Use a blade that is 1-1/2 to 2 times greater than the axis to be sectioned. The length of the blade should pass over the tissue without the blade edge and handle "punching” the tissue. Do not use a blade that is too short to make one slice across the entire surface. If it is too short, the tissue will appear serrated and jagged because the back of the blade and the handle is tearing the tissue.
Point the tip of the blade slightly downward to reduce the surface area. Maintain the integrity of the specimen to reapproximate for further examination, if necessary.
If the integrity cannot be maintained after serial sectioning, arrange the remaining specimen in such a way to keep the order of sections. Use a paper towel to mark the orientation or order as a clue or reminder at the time of further exam.
Sections must be no greater than 0.5 cm thickness/section on large specimens (mastectomies, liver, and lung). This will show more cut surfaces for thorough inspection. You may have to further dissect the 0.5 cm section if searching for small biopsy sites or very small nodules. If you have not visually identified pathology, palpate the 0.5 cm sections for clues. When searching for small biopsy sites/pathology, use the information in Careweb to assist in the location.
When serially sectioning a specimen, section to within 0.3 cm of the cutting surface.

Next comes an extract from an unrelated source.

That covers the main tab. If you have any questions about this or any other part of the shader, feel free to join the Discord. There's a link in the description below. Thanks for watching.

This will leave a thin segment to help retain the integrity of the specimen. As you choose to take histology sections, use other areas to demonstrate pathology if possible. You do not have to separate the entire section from the remaining specimen.
Use the forceps or your fingers to keep the tissue stable when you cut thin sections. Grasp the tissue with the tips of the forceps but do not squeeze the tissue. Try to keep a distance between the blade and your fingers of the non-cutting hand to avoid stabbing or slicing that hand/finger.

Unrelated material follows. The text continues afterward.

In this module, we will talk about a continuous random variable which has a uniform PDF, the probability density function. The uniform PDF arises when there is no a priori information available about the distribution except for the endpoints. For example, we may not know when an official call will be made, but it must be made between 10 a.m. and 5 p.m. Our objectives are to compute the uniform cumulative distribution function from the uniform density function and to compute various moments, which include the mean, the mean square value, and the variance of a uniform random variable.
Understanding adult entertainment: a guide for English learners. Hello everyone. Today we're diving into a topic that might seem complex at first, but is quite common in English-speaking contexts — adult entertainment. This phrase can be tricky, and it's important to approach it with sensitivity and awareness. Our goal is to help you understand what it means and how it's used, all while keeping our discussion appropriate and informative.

Use sharp blades at all times. Cutting/stabbing injuries happen most when trying to section with a dull blade. Change your blades frequently to keep a sharp edge.

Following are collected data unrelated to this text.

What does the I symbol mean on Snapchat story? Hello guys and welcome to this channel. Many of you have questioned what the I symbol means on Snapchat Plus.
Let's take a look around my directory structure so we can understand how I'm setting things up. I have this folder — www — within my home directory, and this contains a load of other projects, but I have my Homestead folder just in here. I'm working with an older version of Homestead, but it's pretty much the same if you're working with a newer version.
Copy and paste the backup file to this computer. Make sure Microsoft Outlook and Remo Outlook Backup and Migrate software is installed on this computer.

When using the scissors keep the tissue near the tips and do not clog them with too much tissue. Try to avoid using scissors for the histology sections, as this may show crush artifact.
Scissors may be used to trim the tissue. This should only be done after the tissue is placed in the cassette and the excess thickness can be cut with scissors to fit the lid on the cassette.
With loose/mobile tissue (lung, breast) start the section with a fast, light slicing motion and once the sharp blade begins cutting through the layers then slow the slicing motion and apply more pressure on the handle toward the cutting surface.
Avoid pressing the blade handle to the cutting surface until the blade has begun to cut into the tissue to minimize crushing the tissue and bending the blade handle.
If the tissue needs to be laid flat on the cutting surface, put your non-cutting hand on top of the tissue with your palm flat. Apply a slight pressure to stabilize the tissue and section it horizontally.
If the specimen has been inked, dry the inked surface(s) as much as possible before sectioning.
Take sections for histology that will show transition of normal to tumor, tumor to an anatomic marker and/or representative tissue to an inked margin.